Your task:
Leave every image out, and print the remaining lines below exactly.

Recorded information:
•••

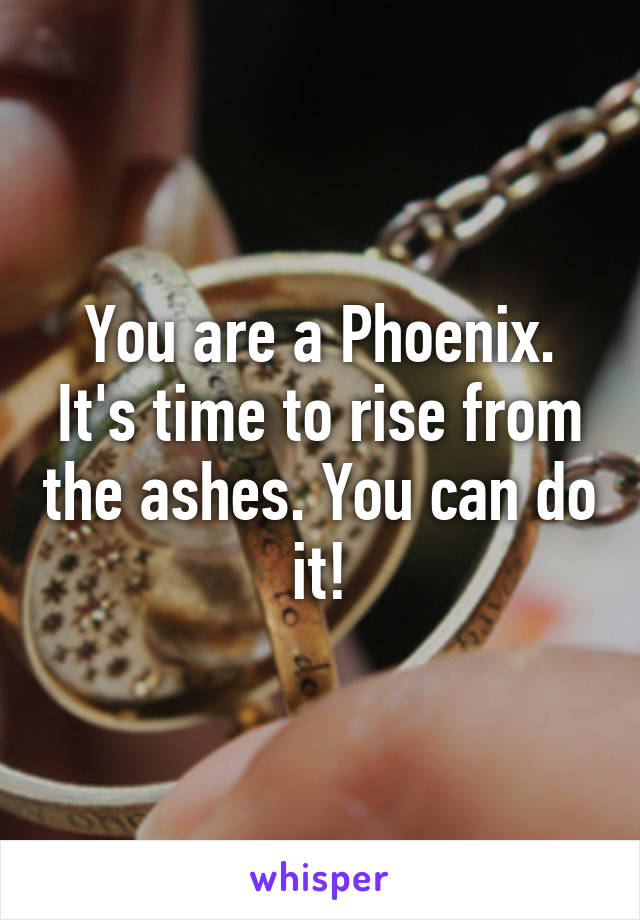 You are a Phoenix. It's time to rise from the ashes. You can do it!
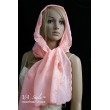 NK 074-pink Шаль-шарф розовый шифон с вышивкой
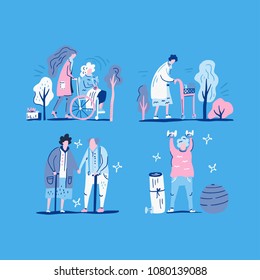 Old People Illustrations On A Blue Background. Elderly Care Concept. Flat Vector Design.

•••

Response:
 You are a Phoenix. It's time to rise from the ashes. You can do it!
 NK 074-pink Шаль-шарф розовый шифон с вышивкой
 Old People Illustrations On A Blue Background. Elderly Care Concept. Flat Vector Design.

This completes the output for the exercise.